5. MARKS'IN İÇ SAVAŞ'ININ 1891 ÖNSÖZÜ


      Engels, Fransa'da İç Savaş'ın üçüncü baskısına yazdığı önsözde —18 Mart 1891 tarihini taşıyan ve ilk kez olarak Neue Zeit'ta basılan önsöz
[
17] —, devlet karşısındaki tutum üzerine çok yararlı bazı düşüncelerin yanısıra, Komün'den çıkan dersleri dikkate değer bir belirginlikle özetler. Yazarını Komün'den ayıran yirmi yıllık dönemin tüm deneyi ile zenginleşmiş bulunan bu özet, özellikle Almanya'da çok yaygın olan "devlete duyulan boş inan"a karşı yöneltilmiştir ve haklı olarak bu sorun üzerinde marksizmin son sözü gibi kabul edilebilir.

      Fransa'da, her devrimden sonra, işçiler silahlanmışlardır, diye belirtir Engels; "öyleyse, iktidarda bulunan burjuvalar için, işçilerin silahsızlandırılması ilk görevdi. Bundan ötürü, işçilerin kanı pahasına başarılan her devrimden sonra, işçilerin yenilgisiyle biten yeni bir savaş patlar"...

      Burjuva devrimler deneyinin bilançosu, anlamlı olduğu kadar özlüdür de. Sorunun temeli —devlet sorununda da olduğu gibi (ezilen sınıfın elinde silah var mı?)— yetkin bir biçimde kavranmıştır. Küçük-burjuva demokratları gibi, burjuva ideolojisi etkisinde kalan profesörler de, çoğunlukla, bu temel üzerinde hiç söz etmezler. 1917 Rus devriminde (Şubat Devrimi -ç.), burjuva devrimlerin bu gizemini arada bir açıklama övüncesi (bir Cavaignac övüncesi), "Kendisi de marksist" olan, (sayfa 100) "menşevik" Çereteli'ye düştü.

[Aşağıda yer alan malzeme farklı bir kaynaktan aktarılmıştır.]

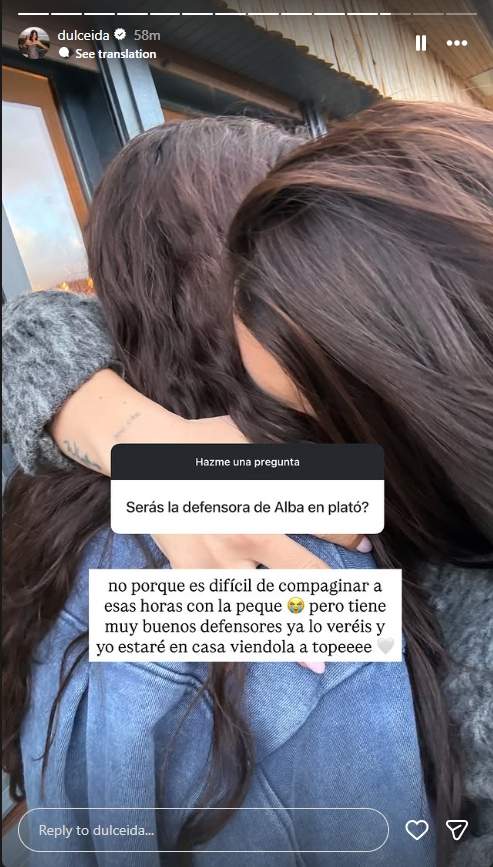 Dulceida responde si será la defensora de Alba en SV / Instagram Dulceida responde si será la defensora de Alba en SV / Instagram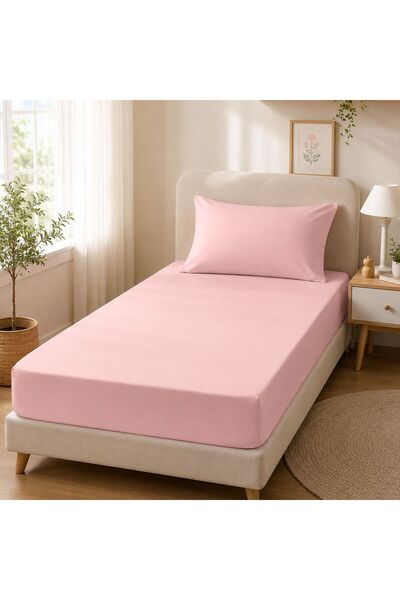MundoLindo Elastic Sheet Set for Single Bed, 100% Cotton, Pillowcase Included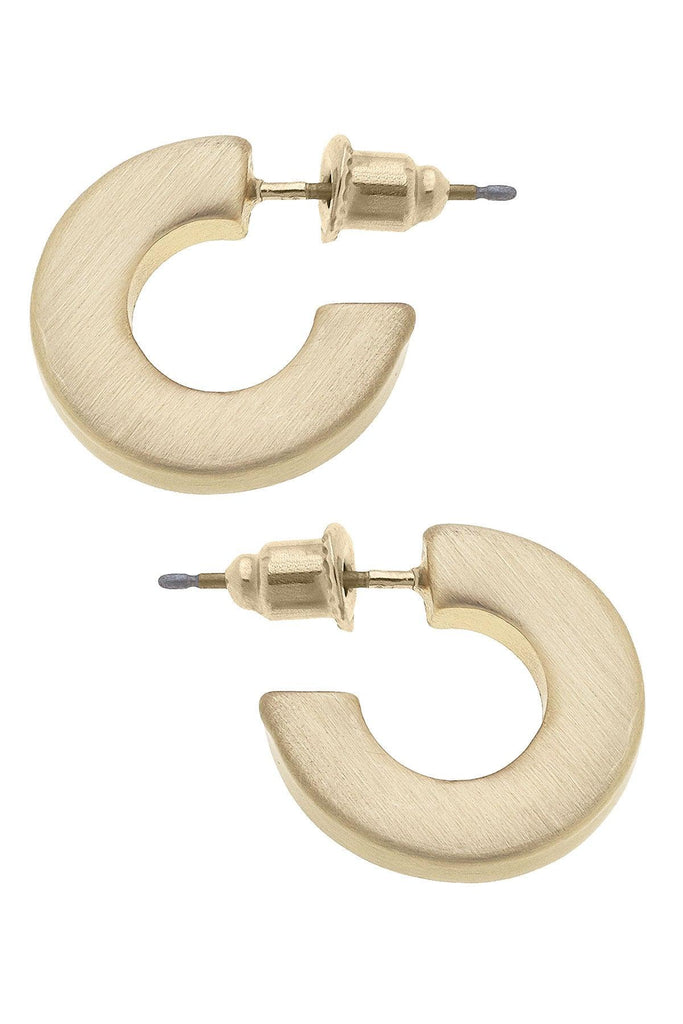 Cali Large Flat Hoop Earrings in Satin Gold-Canvas Jewelry-The Bugs Ear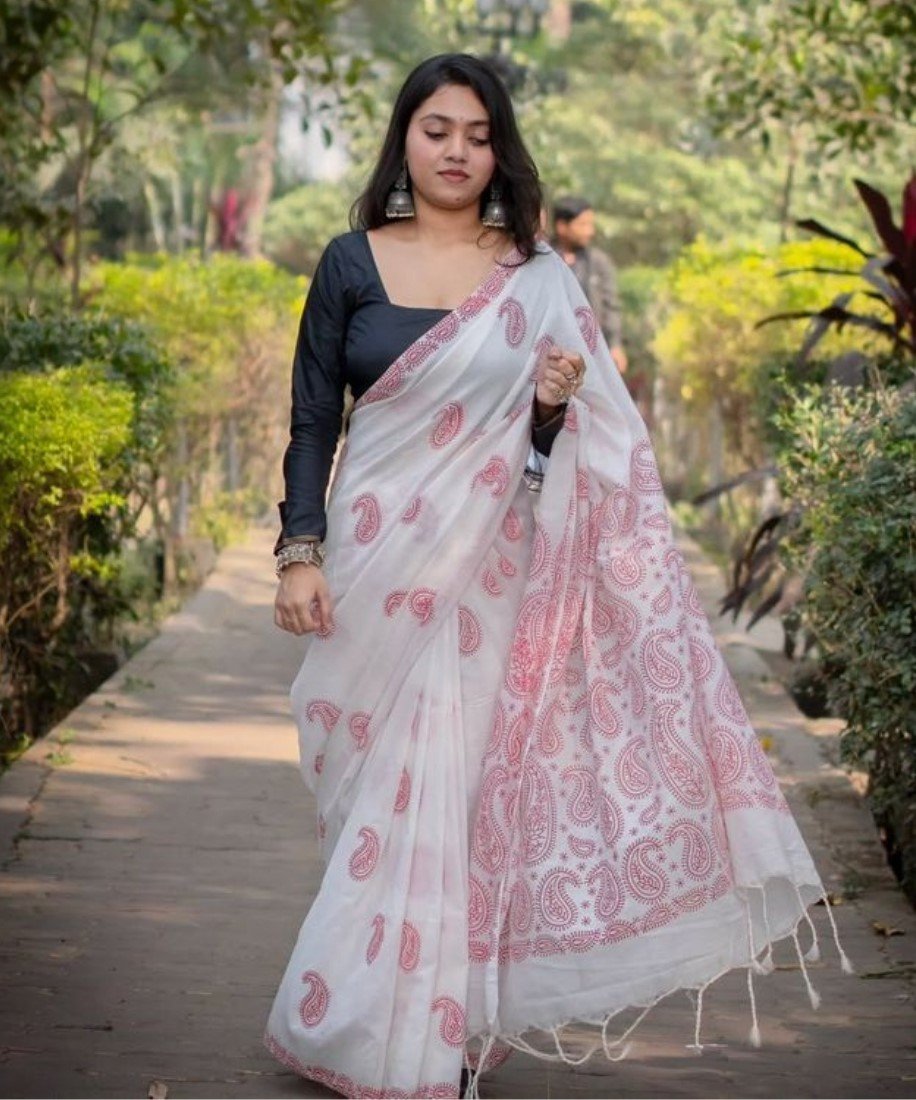 Women's Linen Paisley Printed Saree with Unstitched Blouse (5.5 Mtr)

Çereteli, 11 Haziran'daki "tarihsel" söylevinde, burjuvazinin Petrograd işçilerini silahsızlandırmaya kararlı olduğunu açıklama sakıntısızlığında bulundu; bu kararı, açıkça, aynı zamanda kendi kararı olarak ve daha genel biçimde, bir "devlet" zorunluluğu olarak sunuyordu!

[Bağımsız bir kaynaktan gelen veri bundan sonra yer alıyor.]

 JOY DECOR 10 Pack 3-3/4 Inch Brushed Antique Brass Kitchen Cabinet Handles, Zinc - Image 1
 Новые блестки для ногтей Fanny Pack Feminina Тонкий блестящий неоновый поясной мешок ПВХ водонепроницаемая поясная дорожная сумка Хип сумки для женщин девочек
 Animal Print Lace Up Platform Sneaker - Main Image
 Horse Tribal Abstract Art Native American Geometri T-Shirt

      Çereteli tarafından 11 Haziran'da verilen tarihsel söylev, 1917 devriminin bütün tarihçileri için, kuşkusuz, Çereteli efendi tarafından yönetilen Devrimci-Sosyalistler ve Menşevikler blokunun, devrimci proletaryaya karşı, nasıl burjuvaziden yana çıktığını en iyi gösteren örneklerden biri olacaktır.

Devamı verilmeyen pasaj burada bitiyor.